Task to complete => What is needed is an exact copy of the records below, without the pictures.

───── Data extract

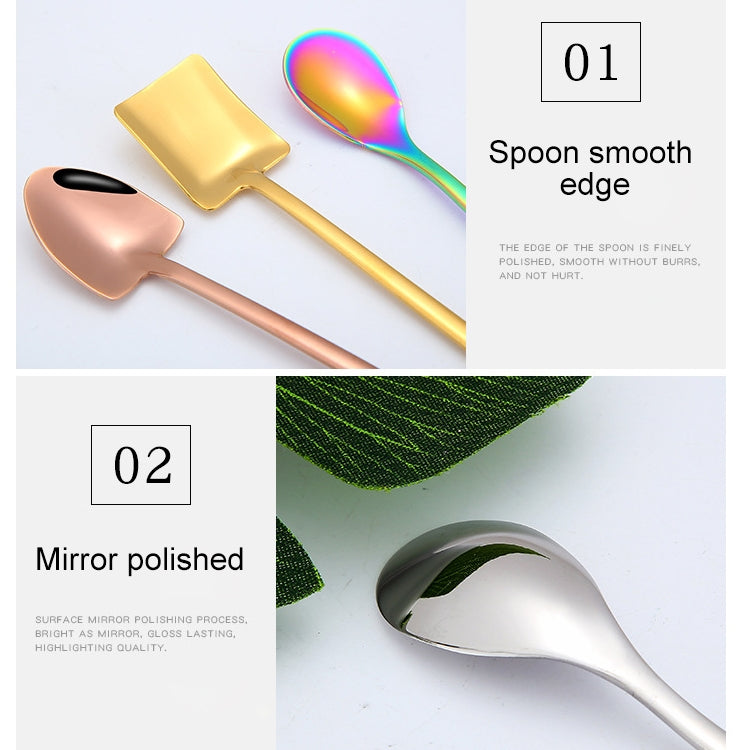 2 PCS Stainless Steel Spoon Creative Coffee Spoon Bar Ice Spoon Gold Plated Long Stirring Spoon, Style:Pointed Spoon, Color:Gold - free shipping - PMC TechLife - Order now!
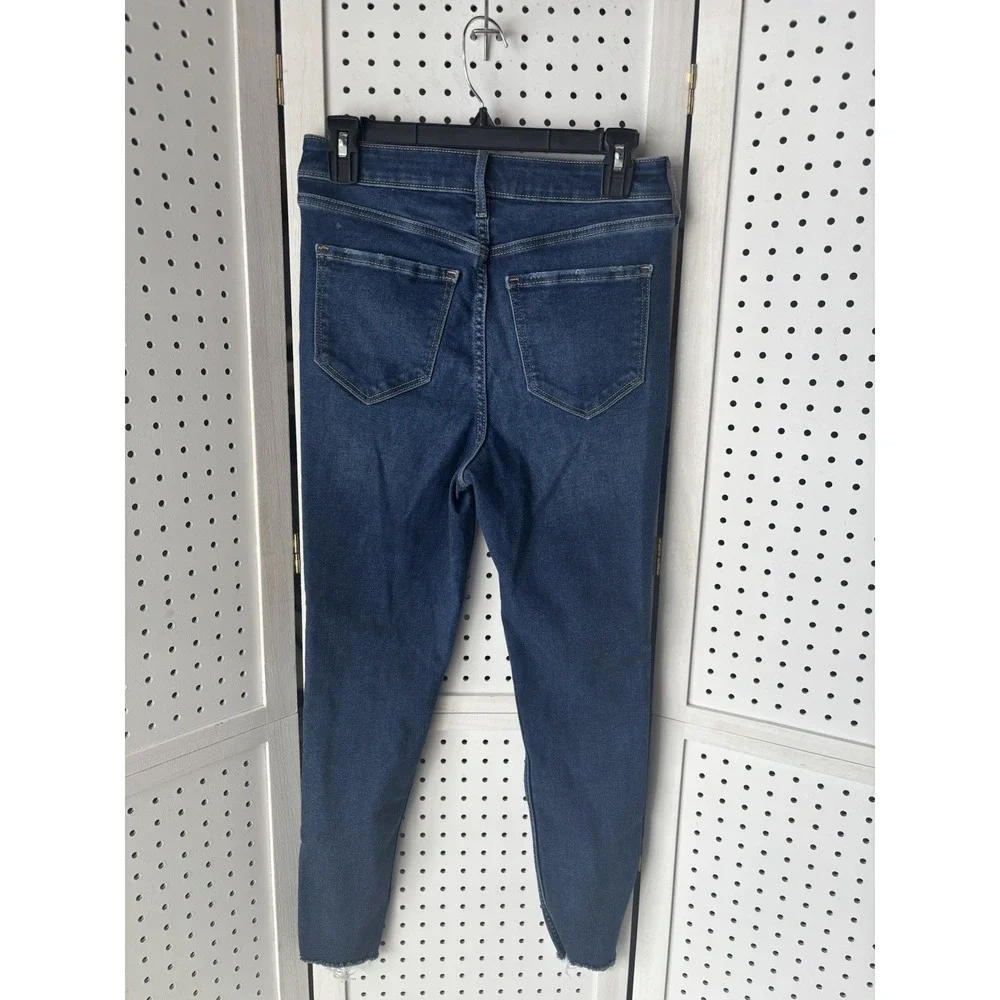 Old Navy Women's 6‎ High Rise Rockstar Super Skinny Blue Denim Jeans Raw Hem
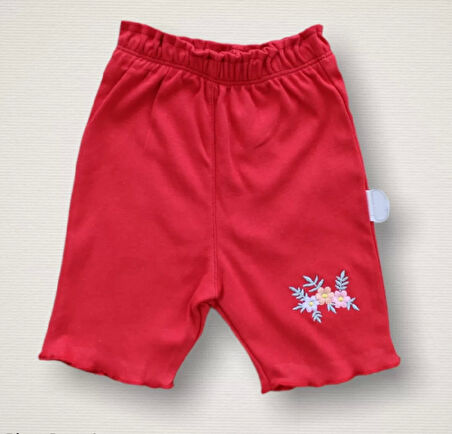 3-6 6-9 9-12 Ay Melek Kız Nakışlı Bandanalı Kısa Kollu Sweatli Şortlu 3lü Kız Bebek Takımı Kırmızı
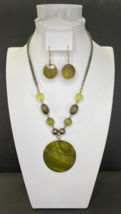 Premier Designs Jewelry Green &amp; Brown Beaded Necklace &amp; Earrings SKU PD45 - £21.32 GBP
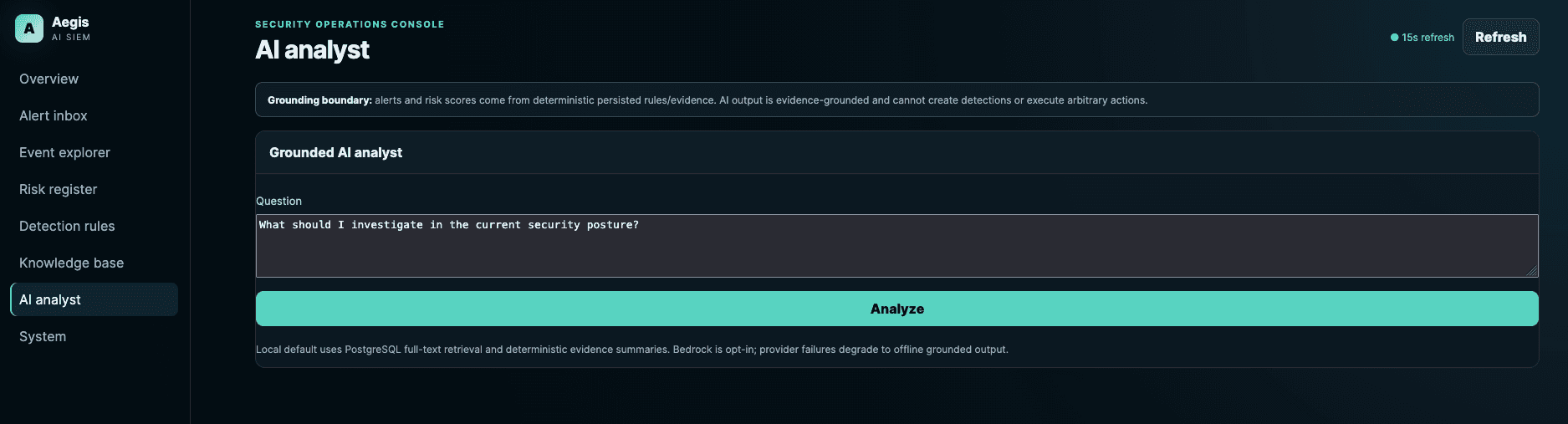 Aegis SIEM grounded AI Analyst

──────────

Completed task =>
 2 PCS Stainless Steel Spoon Creative Coffee Spoon Bar Ice Spoon Gold Plated Long Stirring Spoon, Style:Pointed Spoon, Color:Gold - free shipping - PMC TechLife - Order now!
 Old Navy Women's 6‎ High Rise Rockstar Super Skinny Blue Denim Jeans Raw Hem
 3-6 6-9 9-12 Ay Melek Kız Nakışlı Bandanalı Kısa Kollu Sweatli Şortlu 3lü Kız Bebek Takımı Kırmızı
 Premier Designs Jewelry Green &amp; Brown Beaded Necklace &amp; Earrings SKU PD45 - £21.32 GBP
 Aegis SIEM grounded AI Analyst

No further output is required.